The chief executive of ChatGPT creator OpenAI called on Congress to create licensing and safety standards for advanced artificial intelligence systems as lawmakers begin a bipartisan push toward regulating the powerful new tools available to consumers.

“We understand that people are anxious about how it can change the way we live. We are, too,” Sam Altman said of AI technology at a Senate subcommittee hearing Tuesday, his first appearance before Congress. “If this technology goes wrong, it can go quite wrong.”

Mr. Altman called for “a new agency that licenses any effort above a certain scale of capabilities and could take that license away and ensure compliance with safety standards.”

In the meantime, he said, OpenAI pre-tests and constantly updates its tools to ensure safety, arguing that making them widely available to the public helps the company identify and mitigate risks.

Tuesday’s hearing demonstrated the wide-ranging concerns prompted by rapid consumer adoption of AI systems like ChatGPT, the consumer-facing chatbot that rocketed to an estimated 100 million users within two months.

The topics covered were how the technology might affect elections, intellectual-property theft, news coverage, military operations, and even diversity and inclusion initiatives.

“It’s important to understand that GPT-4 is a tool, not a creature,” Mr. Altman said, referring to the most recent version of the system that powers ChatGPT. “And it’s a tool that people have great control over.”

On the job market, for example, he said the technology “will, I think, entirely automate away some jobs. And it will create new ones that we believe will be much better.”

Lawmakers described Tuesday’s hearing as a first step in understanding the new AI systems, reflecting the lack of consensus over a congressional response even as members of both parties see a need for federal regulation.

“Will we strike that balance between technological innovation and our ethical and moral responsibility?” asked Sen. Josh Hawley (R., Mo.), the top Republican on the Senate Judiciary Committee panel hosting Tuesday’s hearing.

Committee Chairman Sen. Dick Durbin (D., Ill.) was one of several senators to compare the rise of AI to the early days of the social-media industry, which grew up with little regulation from Congress.

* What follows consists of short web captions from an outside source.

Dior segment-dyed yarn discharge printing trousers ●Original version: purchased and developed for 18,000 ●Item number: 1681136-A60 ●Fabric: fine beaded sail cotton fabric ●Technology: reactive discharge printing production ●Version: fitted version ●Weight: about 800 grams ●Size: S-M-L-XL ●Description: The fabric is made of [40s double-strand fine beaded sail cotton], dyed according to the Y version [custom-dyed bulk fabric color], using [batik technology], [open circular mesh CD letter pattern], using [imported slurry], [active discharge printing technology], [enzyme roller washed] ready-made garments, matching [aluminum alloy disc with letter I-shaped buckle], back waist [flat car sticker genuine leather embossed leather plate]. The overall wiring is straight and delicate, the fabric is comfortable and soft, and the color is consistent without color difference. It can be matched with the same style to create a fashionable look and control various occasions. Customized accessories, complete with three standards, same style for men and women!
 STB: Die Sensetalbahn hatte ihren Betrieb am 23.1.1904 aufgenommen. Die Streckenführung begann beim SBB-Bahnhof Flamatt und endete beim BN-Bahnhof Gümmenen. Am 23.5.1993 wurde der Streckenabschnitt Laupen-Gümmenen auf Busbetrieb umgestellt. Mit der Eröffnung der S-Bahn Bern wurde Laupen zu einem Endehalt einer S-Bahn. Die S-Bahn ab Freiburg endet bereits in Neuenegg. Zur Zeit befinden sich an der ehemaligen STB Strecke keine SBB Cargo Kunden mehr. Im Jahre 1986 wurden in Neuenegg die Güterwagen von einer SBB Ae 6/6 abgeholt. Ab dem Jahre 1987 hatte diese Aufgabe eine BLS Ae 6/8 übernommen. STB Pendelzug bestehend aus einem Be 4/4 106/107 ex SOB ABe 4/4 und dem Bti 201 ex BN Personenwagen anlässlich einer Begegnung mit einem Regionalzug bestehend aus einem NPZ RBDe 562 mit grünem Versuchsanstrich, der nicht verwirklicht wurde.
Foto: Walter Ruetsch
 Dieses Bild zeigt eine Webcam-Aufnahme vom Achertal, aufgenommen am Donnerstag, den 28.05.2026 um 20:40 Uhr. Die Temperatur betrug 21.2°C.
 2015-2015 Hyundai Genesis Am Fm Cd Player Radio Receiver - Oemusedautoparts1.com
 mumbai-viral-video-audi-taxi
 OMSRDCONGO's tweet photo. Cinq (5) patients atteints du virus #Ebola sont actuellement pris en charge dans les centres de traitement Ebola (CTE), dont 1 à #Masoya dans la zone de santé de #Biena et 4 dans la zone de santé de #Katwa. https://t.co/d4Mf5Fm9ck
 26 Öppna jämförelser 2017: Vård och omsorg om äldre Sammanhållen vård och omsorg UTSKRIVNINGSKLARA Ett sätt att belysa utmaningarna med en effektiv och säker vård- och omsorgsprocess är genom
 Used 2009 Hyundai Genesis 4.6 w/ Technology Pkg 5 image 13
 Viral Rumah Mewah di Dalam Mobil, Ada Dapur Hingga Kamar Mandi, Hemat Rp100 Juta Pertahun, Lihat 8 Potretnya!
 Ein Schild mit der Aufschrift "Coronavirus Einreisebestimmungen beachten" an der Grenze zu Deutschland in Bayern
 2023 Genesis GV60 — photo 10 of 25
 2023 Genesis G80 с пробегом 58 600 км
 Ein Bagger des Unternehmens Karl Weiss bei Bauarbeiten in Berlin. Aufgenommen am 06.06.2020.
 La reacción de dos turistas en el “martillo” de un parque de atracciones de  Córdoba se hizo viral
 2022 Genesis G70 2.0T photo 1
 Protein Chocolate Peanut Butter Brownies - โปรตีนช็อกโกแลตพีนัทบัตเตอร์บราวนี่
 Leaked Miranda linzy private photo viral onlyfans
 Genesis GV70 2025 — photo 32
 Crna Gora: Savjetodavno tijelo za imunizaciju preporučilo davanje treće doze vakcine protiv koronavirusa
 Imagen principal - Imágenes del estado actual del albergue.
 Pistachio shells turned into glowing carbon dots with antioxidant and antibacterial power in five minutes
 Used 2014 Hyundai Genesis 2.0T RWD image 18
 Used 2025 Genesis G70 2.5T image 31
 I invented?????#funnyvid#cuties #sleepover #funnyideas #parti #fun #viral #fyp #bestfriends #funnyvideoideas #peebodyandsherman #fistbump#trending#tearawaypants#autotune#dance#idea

“When it came to online platforms, the government inclined to get out of the way,” he said. “I’m not sure I’m happy with the outcome as I look at online platforms and the harms they have created…I don’t want to make that mistake again.”

ChatGPT and similar tools can instantly produce humanlike outputs of text, computer code, videos, music, and photos based on written prompts. Its overnight success sparked an industry race, with Microsoft, an investor in OpenAI, enabling ChatGPT in the Windows operating system and Google adding its own so-called generative AI systems, including one called Bard, to its apps.

The session with Mr. Altman is the latest in a series of discussions in Washington. On Monday, Mr. Altman met privately with about 60 House lawmakers from both parties. Earlier this month, he attended a White House sit-down with the chief executives of Google and Microsoft and Vice President Kamala Harris, who told the companies they are responsible for ensuring their products are safe.

At Tuesday’s hearing, several lawmakers raised concerns about elections, fretting about how AI systems could be used to spread false information or otherwise manipulate voters.

Sen. Richard Blumenthal (D., Conn.), chair of the subcommittee, started the hearing by playing a fake AI-generated recording of his voice reading an opening statement written by ChatGPT. He marveled at its realism and questioned what else it could create.

“What if it had provided an endorsement of Ukraine surrendering or Vladimir Putin’s leadership?” he said, referring to Russia’s president. “The prospect is more than a little scary.”

Another witness, New York University professor emeritus Gary Marcus, warned lawmakers that AI facilitates an explosion of made-up information that makes it difficult for people to separate fact from fiction, pointing to defense attorneys questioning evidence at criminal trials.

“Anybody can deny anything,” he said. “We have built machines like bulls in a china shop—powerful, reckless, and difficult to control.”

“More like a bomb in a china shop, not a bull,” Mr. Blumenthal responded.

Mr. Altman compared the launch of AI tools to the earlier release of photo-editing software, noting that people “quickly developed an understanding that images might be photoshopped.”

Key Points

  • The rise of AI raises several concerns, including the potential for the technology to spread false information, manipulate voters, and create new forms of discrimination.
  • Some experts believe that government regulation is necessary to mitigate these risks, while others argue that the technology is still too new to be effectively regulated.
  • The debate over AI regulation will likely continue as the technology develops and its potential impact on society becomes clearer.